● About this task
Everything in the records below from the line containing "Photo 6 of 2016" through the line containing "28). Spacious, unfurnished" is to be reproduced exactly, those two lines included; no picture is to be copied.

● Information supplied
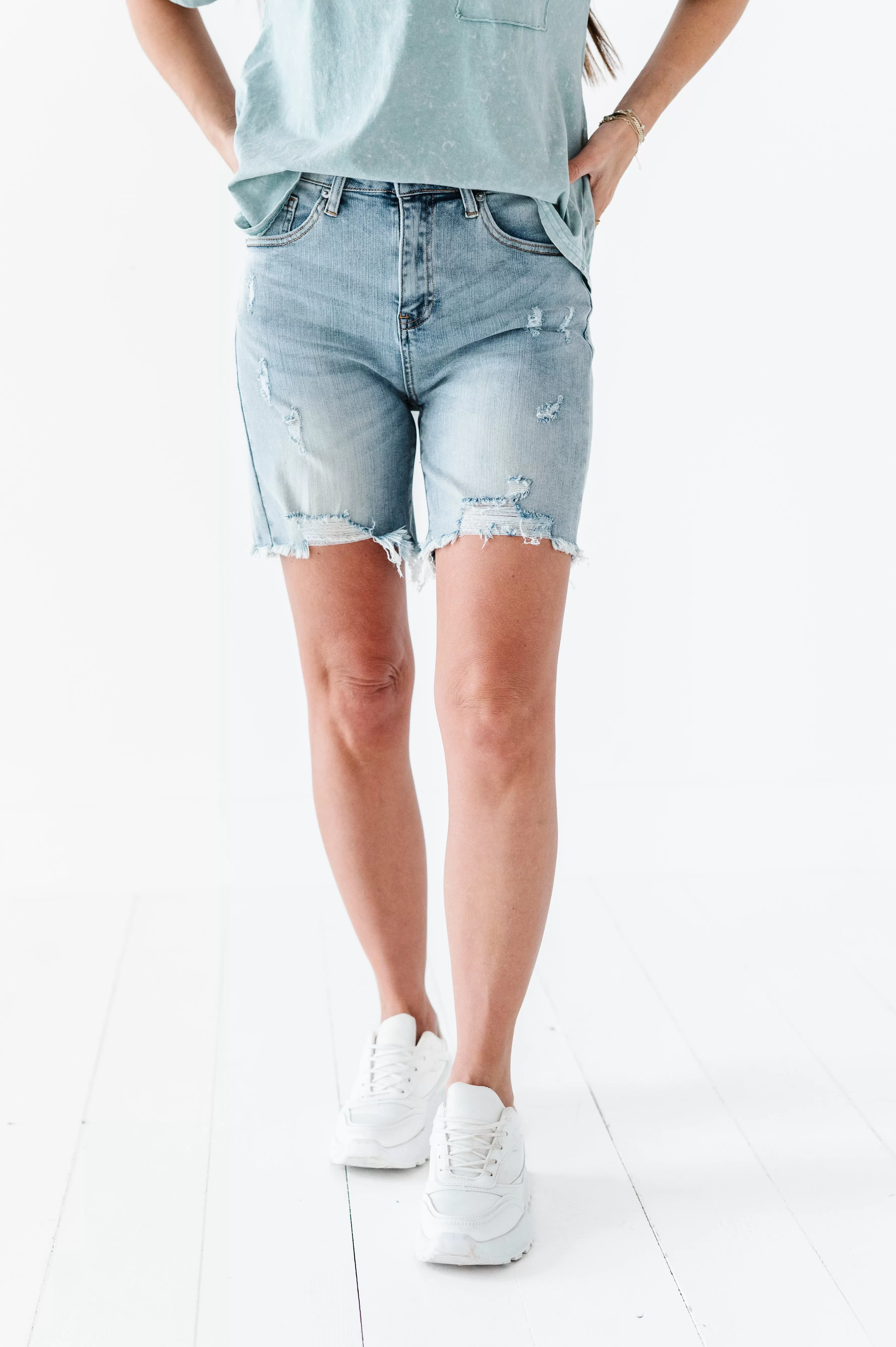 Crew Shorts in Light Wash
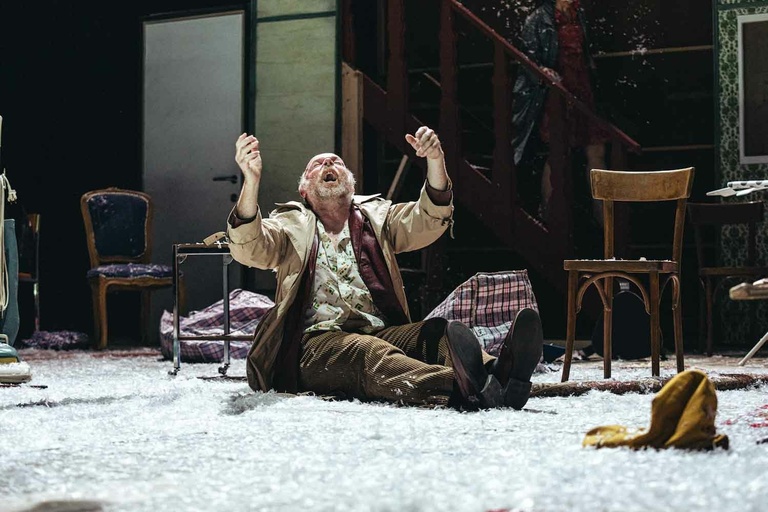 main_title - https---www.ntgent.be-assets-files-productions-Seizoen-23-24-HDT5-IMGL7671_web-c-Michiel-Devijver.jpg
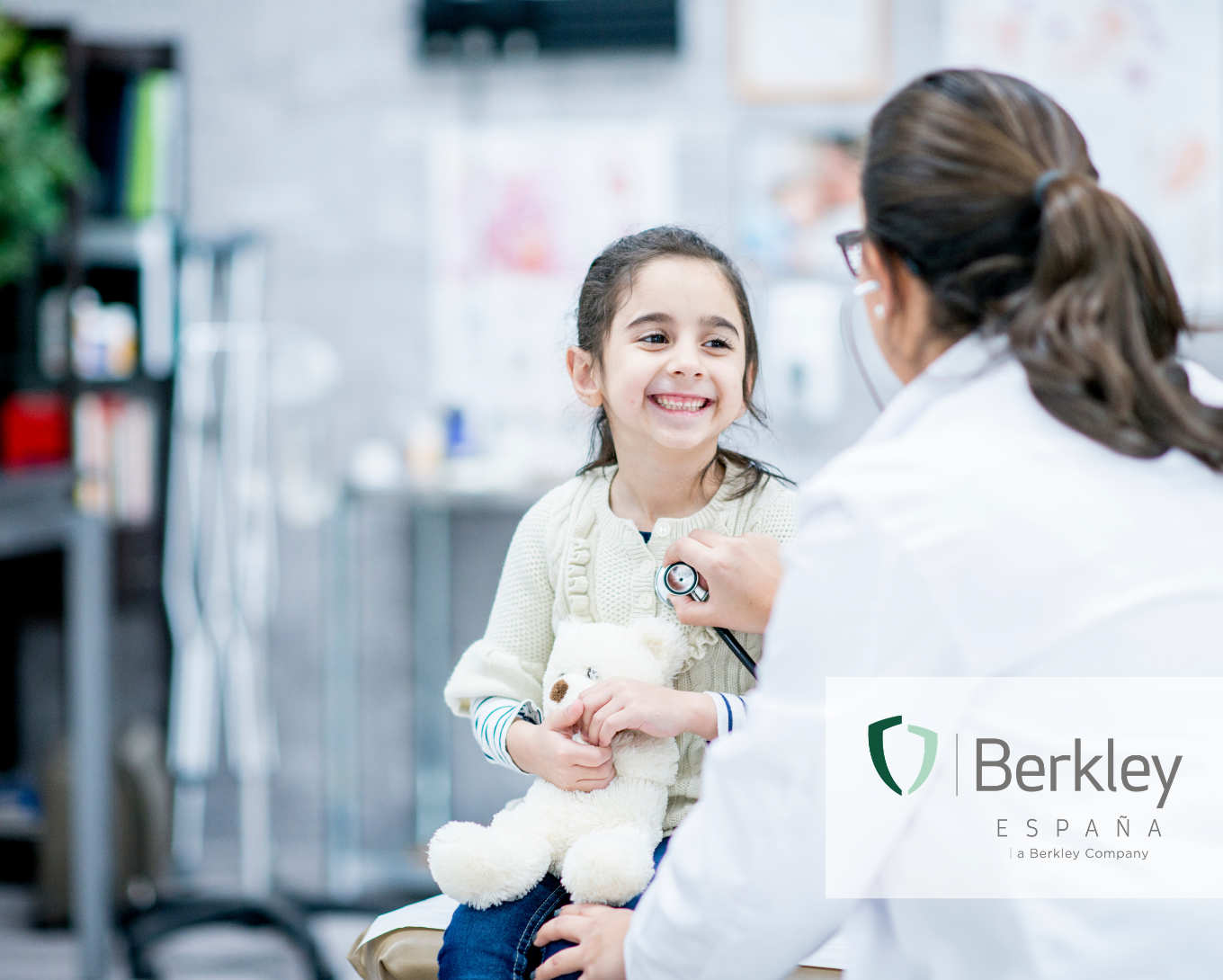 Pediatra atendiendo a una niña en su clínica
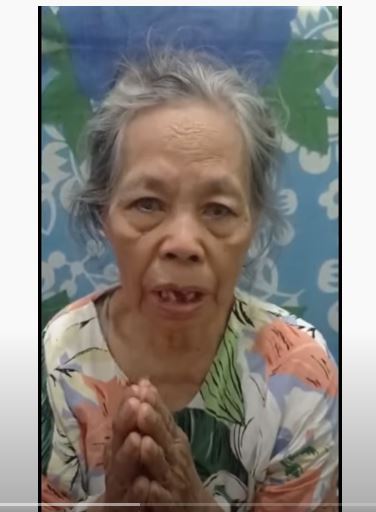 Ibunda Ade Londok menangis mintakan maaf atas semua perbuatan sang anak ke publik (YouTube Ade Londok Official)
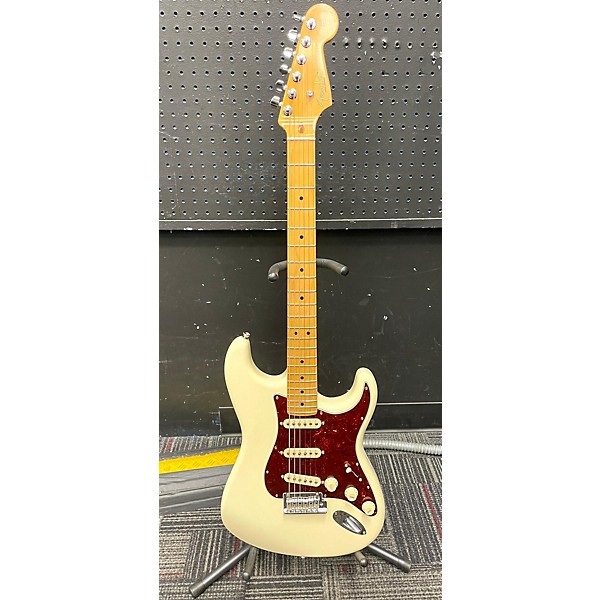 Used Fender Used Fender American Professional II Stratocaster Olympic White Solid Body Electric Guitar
--
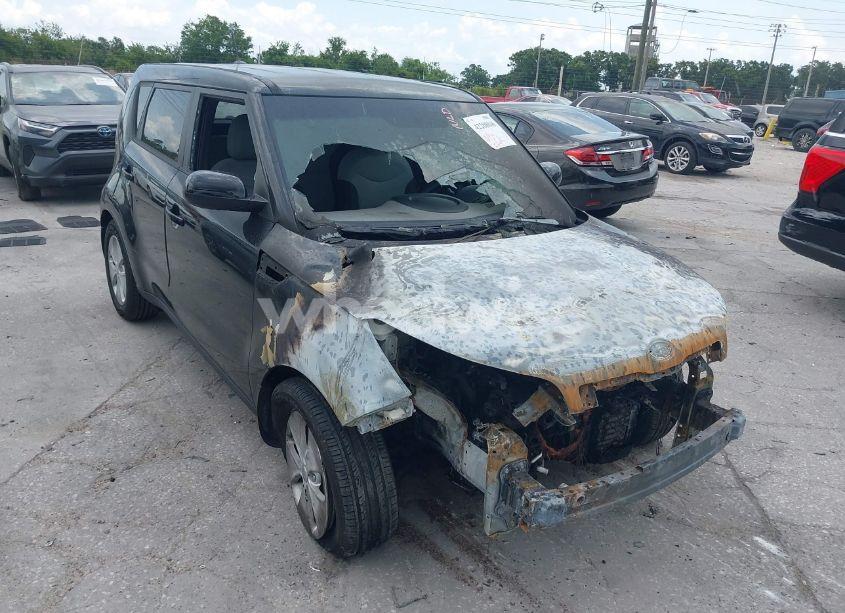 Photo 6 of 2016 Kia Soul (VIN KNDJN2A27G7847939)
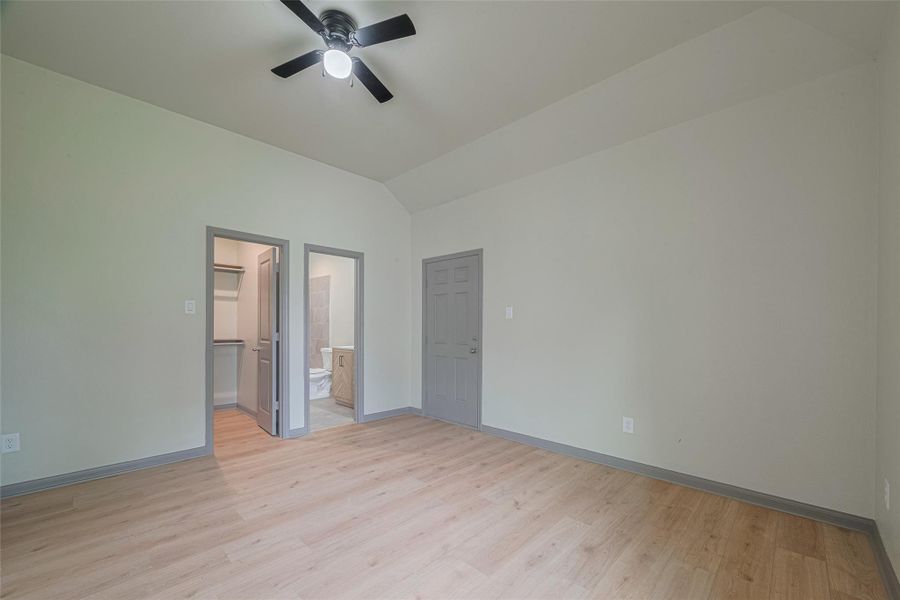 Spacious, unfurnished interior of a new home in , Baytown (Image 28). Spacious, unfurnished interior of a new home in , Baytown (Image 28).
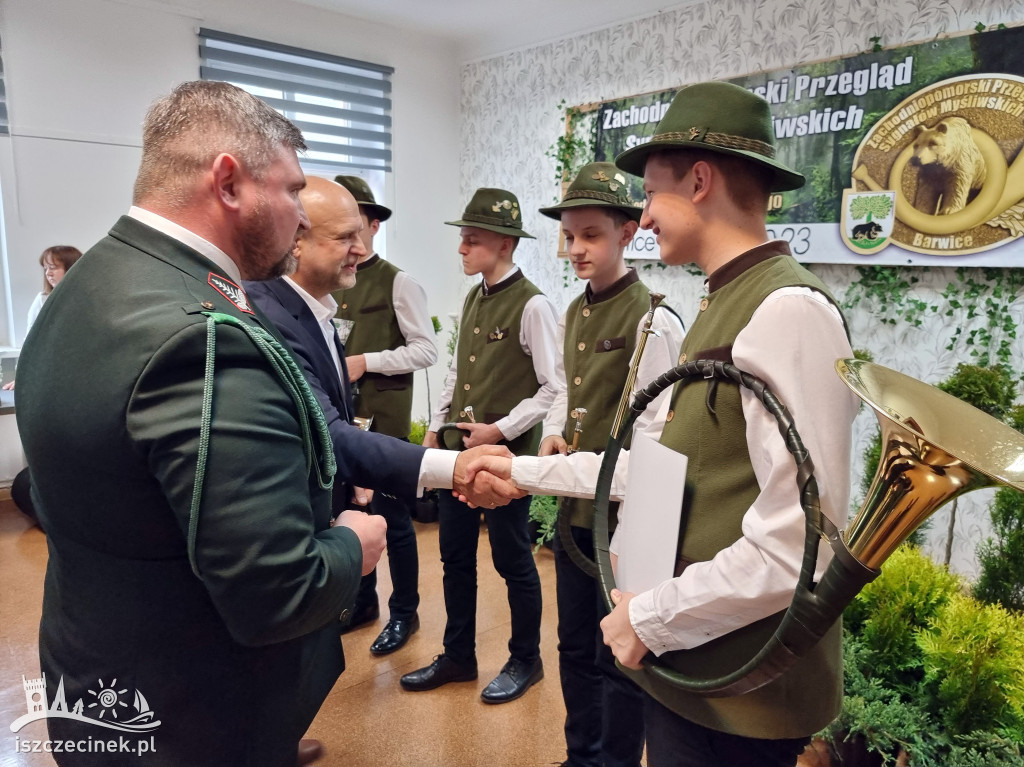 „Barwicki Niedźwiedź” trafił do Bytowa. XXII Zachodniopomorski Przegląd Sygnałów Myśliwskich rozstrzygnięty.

● Exercise output
 Photo 6 of 2016 Kia Soul (VIN KNDJN2A27G7847939)
 Spacious, unfurnished interior of a new home in , Baytown (Image 28). Spacious, unfurnished interior of a new home in , Baytown (Image 28).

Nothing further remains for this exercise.